In short, dynamic programming is a way of using cached information to optimize choice in a recursive problem. By eliminating the non-optimal choices, it reduces the complexity (possibly exponentially). It's actually a bit of an understated concept, since a lot of problems can naturally be expressed with recursion. A lot of the problems are also generally not feasible without it. Obviously the larger the problem, the larger the run-time improvement.
The specific problem has to do with optimally traversing a graph. Since the problem was simple enough, I ended up writing the solution in yasm (amd64) assembly.
"Find the maximum total from top to bottom in triangle.txt, a 15K text file containing a triangle with one-hundred rows."
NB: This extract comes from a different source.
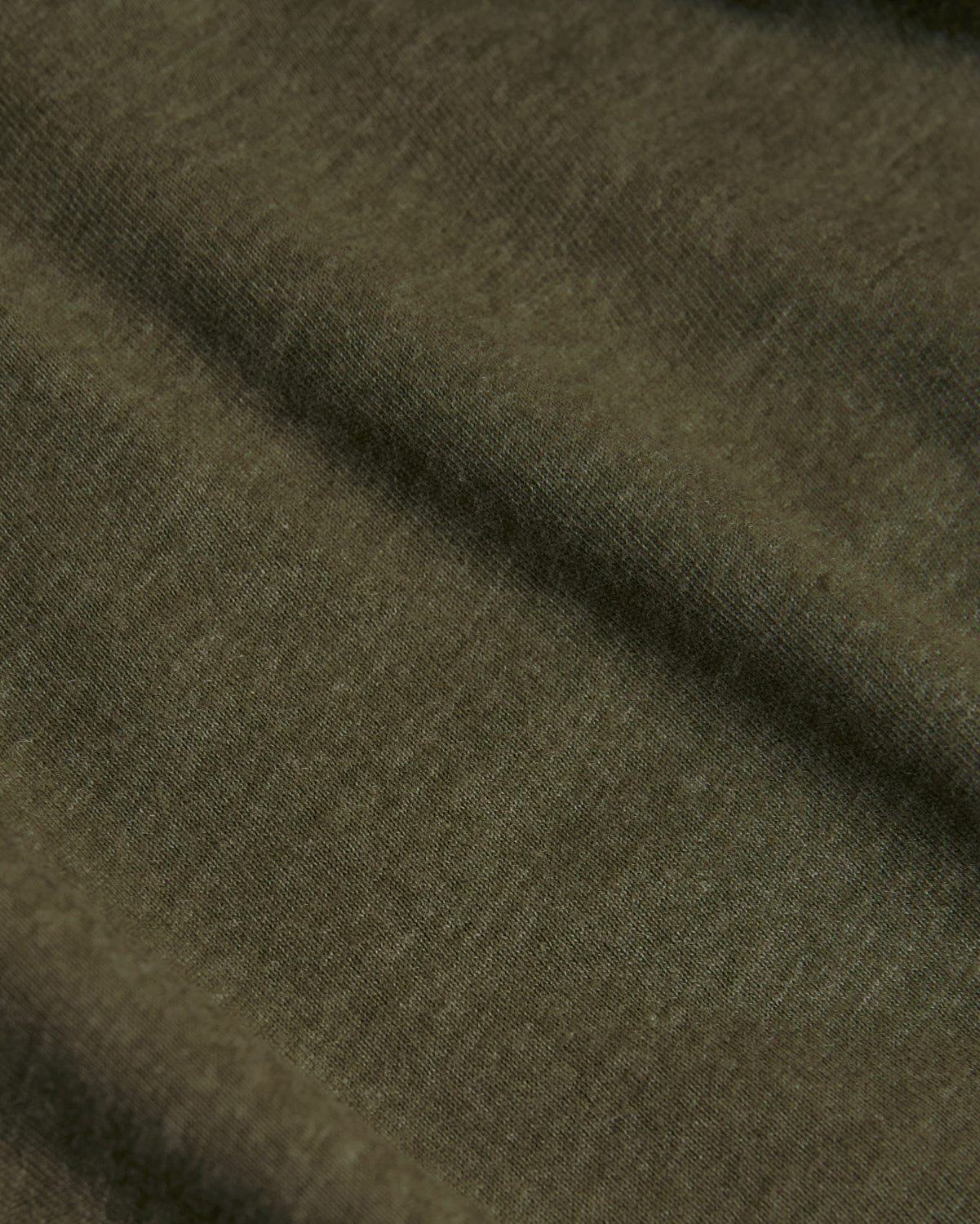 Heather Military Green Tall Short Sleeve Classic V-Neck knit fabric close-up.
So, a valid move on the graph follows a directed edge to the left or right child. An exhaustive search is $\Theta(n2^{n-1})$ with respect to height ($n$ nodes per path, $2^{n-1}$ paths). It's estimated there are $10^{80}$ atoms in the known universe. So given only a few hundred rows, the number of distinct traversals possible is roughly equivalent to the number of atoms in all of known existence.
Obviously, a pointer based tree structure implies the complexity, since it implies an exhaustive search. However, there are more ways than one to represent a tree. One possible representation to avoid the complexity is the same layout that's used for heaps (Eytzinger).
Finally, the dynamic programming step is comparing each of the possible traversals, and caching the optimal one as if it had been taken...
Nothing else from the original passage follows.